Urals pricing has come under similar pressure from Russian refinery maintenance. But ice in the Baltic has complicated shipping due to the limited number of tankers available to lift cargoes under such conditions. Without the shipping, the arbitrage trade cannot happen.

BARGAIN OR SUCKERS?

In both cases, Asia seems to be tentatively stepping back into the buying ring. Various companies are reportedly working on deals to resume shipments of Forties to Asia.

Tanker fixture lists show the shipping arm of French oil major Total trying to arrange a shipment to Asia or possibly the U.S. Gulf Coast by mid-month from the Hounds Point terminal where Forties loads.

On Urals, Chinese trader Unipec looks to be arranging to move 2 million barrels of the Russian grade out of the Baltic by the end of April for delivery to China.

While there is no guarantee these deals will go through, they are a sign that Asian refiners see a bargain and will buy. That ought to help clear the overhang of prompt crude cargoes weighing on Brent.

The real question on everyone's lips is: "Will it last?" Will Asia's refiners be the ones still dancing as the music is about to stop, or do they see something that the Western market is missing?

Asian refiners tend to have a longer-term perspective, given the sailing times needed to meet requirements. A Chinese refinery purchasing European oil today, for instance, will not receive it until June or July.

The resilience of Asian crude prices suggests regional traders are seeing strong demand beyond the current spring doldrums.

But there are serious questions about the strength of Asian demand for oil products. Skeptics note that naphtha prices have plunged due to weak petrochemical sales, while regional diesel markets are signaling an overhang of prompt cargoes as Chinese refiners export more of the fuel.

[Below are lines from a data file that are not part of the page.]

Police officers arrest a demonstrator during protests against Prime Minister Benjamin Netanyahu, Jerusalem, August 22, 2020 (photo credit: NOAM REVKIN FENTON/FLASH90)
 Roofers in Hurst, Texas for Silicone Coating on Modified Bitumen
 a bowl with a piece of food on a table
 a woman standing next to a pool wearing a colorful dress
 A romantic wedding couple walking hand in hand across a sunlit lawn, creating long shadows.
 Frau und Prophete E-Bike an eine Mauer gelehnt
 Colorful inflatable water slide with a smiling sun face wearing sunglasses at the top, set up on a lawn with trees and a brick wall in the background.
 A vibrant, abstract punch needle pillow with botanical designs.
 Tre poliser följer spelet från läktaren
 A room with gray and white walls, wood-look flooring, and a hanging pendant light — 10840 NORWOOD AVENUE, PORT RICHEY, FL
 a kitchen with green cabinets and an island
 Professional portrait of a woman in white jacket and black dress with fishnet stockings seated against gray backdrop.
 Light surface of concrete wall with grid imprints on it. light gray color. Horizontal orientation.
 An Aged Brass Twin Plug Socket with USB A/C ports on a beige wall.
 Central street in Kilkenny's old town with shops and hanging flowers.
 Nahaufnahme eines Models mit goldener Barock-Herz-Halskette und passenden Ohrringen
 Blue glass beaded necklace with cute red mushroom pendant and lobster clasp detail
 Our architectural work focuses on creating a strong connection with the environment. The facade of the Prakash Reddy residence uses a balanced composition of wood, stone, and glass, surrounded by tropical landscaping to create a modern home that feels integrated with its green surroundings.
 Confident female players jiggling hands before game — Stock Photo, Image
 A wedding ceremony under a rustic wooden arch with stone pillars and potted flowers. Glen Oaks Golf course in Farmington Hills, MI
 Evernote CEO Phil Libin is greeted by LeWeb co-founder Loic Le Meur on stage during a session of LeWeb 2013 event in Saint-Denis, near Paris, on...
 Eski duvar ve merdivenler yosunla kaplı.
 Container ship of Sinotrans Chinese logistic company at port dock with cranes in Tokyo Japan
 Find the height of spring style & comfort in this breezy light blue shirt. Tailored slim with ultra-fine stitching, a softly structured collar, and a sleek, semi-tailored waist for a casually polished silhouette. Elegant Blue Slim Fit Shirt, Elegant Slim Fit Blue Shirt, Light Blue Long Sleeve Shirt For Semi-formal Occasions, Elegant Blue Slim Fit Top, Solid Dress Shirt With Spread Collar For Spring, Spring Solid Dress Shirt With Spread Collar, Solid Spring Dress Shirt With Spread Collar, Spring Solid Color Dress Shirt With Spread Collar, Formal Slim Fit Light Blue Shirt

Similarly, Asian distillate prices have swooned against strong crude. Gasoil cracks in Asia recently hit a 10-month low amid brimming supplies triggered by weak demand from major importers like Indonesia and Chinese exports.

Yet there are hints that some of the prompt weakness in Asia is due to destocking after a first quarter of extremely strong refining margins led to overproduction.

Already gasoil prices are creeping up, and refiners are profitable, even at current levels. (Singapore gasoil crack graphic: http://r.reuters.com/wag27t)

While demand in Europe looks certain to continue to decline, North American oil consumption is stabilizing, with distillate fuels posting sales gains as revised data clears up the picture.

January monthly data released by the U.S. government during the Easter holiday showed distillate demand rising sharply to more than 4 million barrels per day, no doubt helped by continued growth in trucking volumes as well as colder weather. (U.S. distillate demand graphic: http://r.reuters.com/tag27t)

That is why oil traders ought to watch Asian markets. If they catch the cold Europe is currently suffering from, the turmoil in world oil prices will deepen.